Scoop: After pulling IPO ambitions last December, Jeff Aronin's Castle Creek turns to private backers
Jeff Aronin’s cell and gene therapy biotech Castle Creek Biosciences has raised $112 million in equity, Endpoints News has learned.
The Exton, PA, biotech secured the financing from 54 investors, according to an SEC filing dated May 2. The late-stage startup had last year considered a $100 million Nasdaq debut, but in a sign of the bear market that has plagued hundreds of newly minted public biotechs, Castle Creek pulled those ambitions in the last few weeks of 2021.
This time around, the biotech has returned to private backing, and it comes just three months after the company raised nearly $12 million in debt financing. Castle Creek had previously raised $25 million in debt financing last year, according to an SEC filing, and $71.8 million from Fidelity Management and Valor Equity Partner in 2018.
Endpoints has reached out to Aronin and a Castle Creek company spokesperson, and will update this story accordingly.
If Castle Creek is still following the same strategic route as at the time of its S-1 filing, the biotech will likely deploy the proceeds on the Phase III trial of its ex vivo gene therapy dabocemagene autoficel, also dubbed FCX-007 and D-Fi, for patients with chronic wounds due to recessive dystrophic epidermolysis bullosa.
The condition leads to blistering and tearing of the skin due to a lack of collagen protein. It’s sometimes been referred to as a “butterfly” disease because of how fragile it can make an infant’s skin. Other biotechs exploring the rare disease include Phase III-stage Abeona Therapeutics and Eloxx Pharmaceuticals.
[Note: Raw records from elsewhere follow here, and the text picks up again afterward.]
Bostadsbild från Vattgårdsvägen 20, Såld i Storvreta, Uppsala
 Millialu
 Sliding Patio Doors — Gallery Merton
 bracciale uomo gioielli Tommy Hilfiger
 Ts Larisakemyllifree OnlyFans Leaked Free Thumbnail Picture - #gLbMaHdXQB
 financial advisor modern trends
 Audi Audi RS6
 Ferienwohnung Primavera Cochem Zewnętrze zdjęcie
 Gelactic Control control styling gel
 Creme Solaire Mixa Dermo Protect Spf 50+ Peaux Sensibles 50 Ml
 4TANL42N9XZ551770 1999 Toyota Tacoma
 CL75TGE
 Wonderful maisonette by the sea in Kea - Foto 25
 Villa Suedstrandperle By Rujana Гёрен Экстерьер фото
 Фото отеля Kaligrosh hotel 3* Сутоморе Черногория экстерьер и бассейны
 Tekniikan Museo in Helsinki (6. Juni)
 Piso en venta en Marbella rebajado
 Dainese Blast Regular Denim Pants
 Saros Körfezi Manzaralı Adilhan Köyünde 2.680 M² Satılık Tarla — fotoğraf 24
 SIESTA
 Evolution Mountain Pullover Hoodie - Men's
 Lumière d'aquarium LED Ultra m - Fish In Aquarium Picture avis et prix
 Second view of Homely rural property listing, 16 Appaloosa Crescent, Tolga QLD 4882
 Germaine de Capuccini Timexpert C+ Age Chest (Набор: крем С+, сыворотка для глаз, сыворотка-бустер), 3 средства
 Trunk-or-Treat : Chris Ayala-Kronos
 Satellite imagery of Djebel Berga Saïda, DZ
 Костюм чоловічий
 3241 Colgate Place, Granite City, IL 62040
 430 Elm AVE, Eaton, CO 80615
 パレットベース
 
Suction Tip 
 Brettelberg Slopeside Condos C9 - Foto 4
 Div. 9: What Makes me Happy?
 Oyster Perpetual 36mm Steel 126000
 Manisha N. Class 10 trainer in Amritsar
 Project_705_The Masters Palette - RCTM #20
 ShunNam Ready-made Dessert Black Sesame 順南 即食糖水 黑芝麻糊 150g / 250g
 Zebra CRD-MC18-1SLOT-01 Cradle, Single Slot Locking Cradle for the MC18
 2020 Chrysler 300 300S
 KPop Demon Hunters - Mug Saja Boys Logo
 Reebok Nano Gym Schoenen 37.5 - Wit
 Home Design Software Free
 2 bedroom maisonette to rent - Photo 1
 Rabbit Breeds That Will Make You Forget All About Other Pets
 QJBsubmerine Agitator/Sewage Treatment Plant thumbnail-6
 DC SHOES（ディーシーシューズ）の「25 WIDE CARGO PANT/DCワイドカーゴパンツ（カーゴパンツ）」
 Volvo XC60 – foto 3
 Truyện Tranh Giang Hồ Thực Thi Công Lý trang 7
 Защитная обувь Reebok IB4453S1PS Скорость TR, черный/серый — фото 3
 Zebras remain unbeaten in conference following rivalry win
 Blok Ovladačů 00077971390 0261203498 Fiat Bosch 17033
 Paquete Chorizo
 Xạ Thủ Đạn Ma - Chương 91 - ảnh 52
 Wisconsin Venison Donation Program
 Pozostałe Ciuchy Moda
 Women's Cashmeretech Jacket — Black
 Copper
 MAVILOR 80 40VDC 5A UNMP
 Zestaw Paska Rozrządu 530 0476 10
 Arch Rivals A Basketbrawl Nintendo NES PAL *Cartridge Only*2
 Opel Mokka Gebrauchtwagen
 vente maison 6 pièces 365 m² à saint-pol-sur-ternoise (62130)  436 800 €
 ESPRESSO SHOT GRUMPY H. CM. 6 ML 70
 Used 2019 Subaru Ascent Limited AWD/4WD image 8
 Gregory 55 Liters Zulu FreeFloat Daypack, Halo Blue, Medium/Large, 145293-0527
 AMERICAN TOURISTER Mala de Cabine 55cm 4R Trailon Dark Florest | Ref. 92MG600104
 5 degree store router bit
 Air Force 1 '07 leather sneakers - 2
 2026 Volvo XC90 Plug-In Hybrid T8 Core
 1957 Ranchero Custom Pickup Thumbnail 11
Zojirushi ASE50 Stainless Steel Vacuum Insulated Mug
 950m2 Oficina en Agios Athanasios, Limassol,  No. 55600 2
Castle Creek’s study is still recruiting and is expected to collect final primary outcome data in April 2023, according to the federal clinical trials database. When Castle Creek acquired the drug from Fibrocell in 2019, the original owner said a marketing application would be shipped off in 2021.
D-Fi is also slated to enter a late-stage trial in a dominant form of the condition, according to the biotech’s pipeline page on its website.
Castle Creek’s other clinical-stage ex vivo autologous gene therapy, FCX-013, is in a Phase I/II study in patients with moderate to severe localized scleroderma, which leads to hardening and tightening of the skin.
The financing comes four months after Castle Creek bought up gene therapy maker Novavita Thera, which adds preclinical assets targeting rare liver and metabolic disease to the company’s pipeline. As part of the deal, Novavita co-founder Joseph Lillegard took on the post of science chief.
Last year, when considering the Wall Street entrance, Castle Creek terminated a six-year-old license agreement with TWI Biotechnology last June for development of CCP-020, a compound known as diacerein.
Aronin is chair of Castle Creek’s originator, investment engine Paragon Biosciences, behind the likes of Harmony Biosciences and Evozyne. He’s also founder and chair of Chicago health-tech incubator MATTER and was previously CEO of Marathon Pharmaceuticals.